Her parents moved to Phoenix, Ariz., in 2005. When she graduated, she followed them. There she worked her first teaching job and met her husband. They moved to California’s Central Valley – her husband grew up in the Fresno, Calif. area – where she worked for a year before moving to Eureka.

She has remained passionate about her art and teaching it to students.

“It’s communication about an idea or concept,” Almanza said. “It can’t be anything without a human experience.”

It is one of the most interconnected subjects, she said, drawing from math and science to the humanities.

A few days ago, Almanza needed to divide a circle into 12 equal circles. She didn’t have the math in her head to do that. She headed for Youtube and learned the math, which can be useful for such tasks as making a paint wheel or a clock.

When she was in school, if the connection between math and applications like this for trigonometry, for example, she thinks it would have been easier to understand and learn.

Almanza is interested in a variety of subjects, from history to literature, but she credits art for taking her there.

Art is about constant improvement. As a potter, “I’m not going after a concept,” Almanza said. “I’m going after a skill set I refine every time I work.”

It’s about honing craftsmanship, she said, and that’s what she is sharing with her students.

Doing art builds a sense of self-esteem as they learn and improve, she said. A student may know nothing when enrolling in an art class, but after 10 weeks, the student will learn something, grow and get better.

The high school art room is a place where students can experiment with their ideas, she said. They can hypothesize and then test it. Then they can evaluate what they’ve done.

The students learn to critique art based on objective criteria, evaluating the aesthetics, feelings and ideas associated with a piece of art.

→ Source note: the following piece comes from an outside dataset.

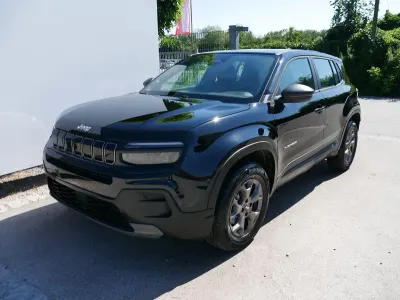 Neu Jeep Avenger Longitude 101 PS (74 kW) 2026 Schwarz SUV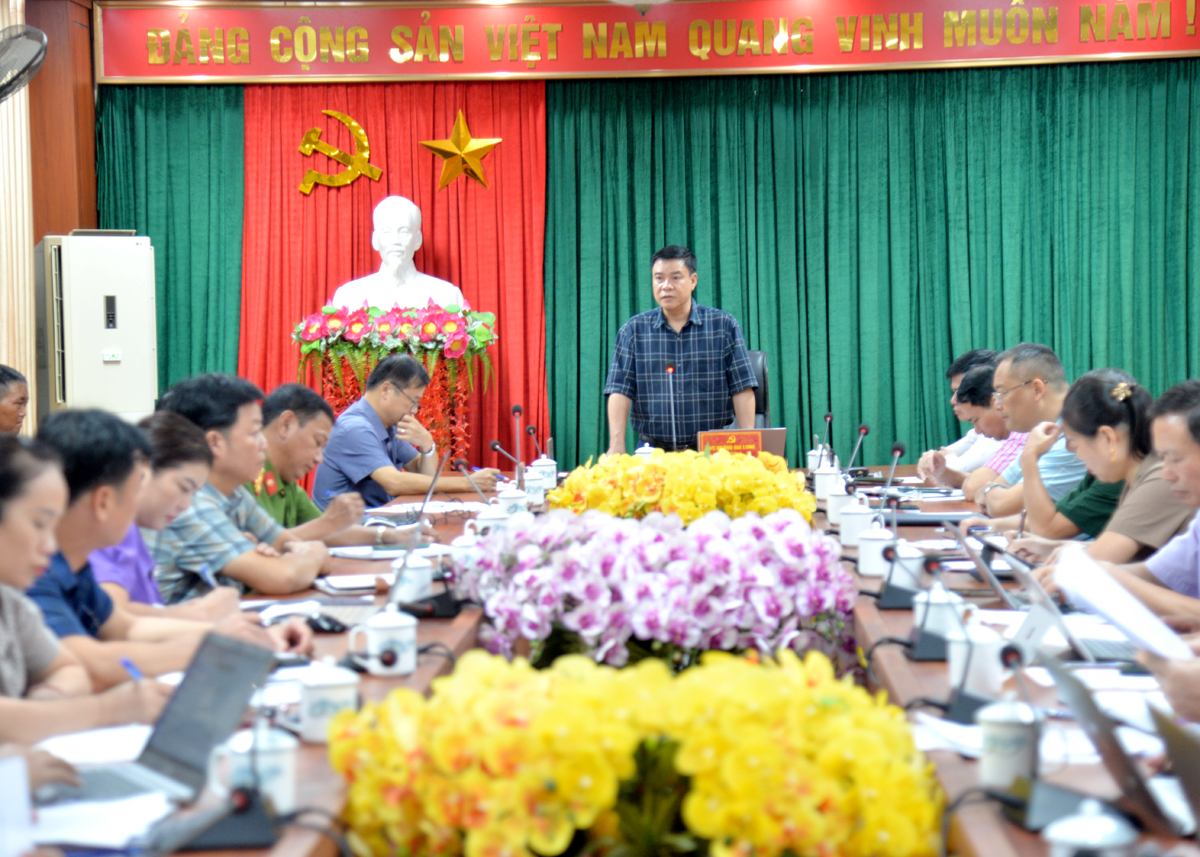 Phó Chủ tịch Thường trực UBND tỉnh Hoàng Gia Long phát biểu tại buổi làm việc tại huyện Quang Bình.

That opens a classroom discussion where they learn to support and talk about their opinions and exchange ideas – all valuable across the board in a student’s education.

Almanza said she would ultimately like to extend art and its advantages through every grade level, a tool teachers can use in a variety of subjects.

At the elementary levels, art education seems inconsistent, she said, as schools rely on artists in residence. In the longer term, she would like to see a staff member dedicated to elementary school art. As an alternative, she thinks she might be able to serve as a consultant to help teachers incorporate art into their curriculum.

At this point, long-term ideas are just ideas, she said. She has a lot on her plate right now, and she’s just beginning. Her goals will take planning and patience.

“I’m trying to build the program,” she said. “Trey and I are working together to make some consistencies between what we’re teaching. We want these kids to take art in middle school and try new things.”

Ideally, students continue studying art in high school, she said. She plans to earn the accreditation she needs to teach advanced placement art.

“Really, my goal for the next three to five years is increasing enrollment and getting the student body interested in taking art classes,” Almanza said.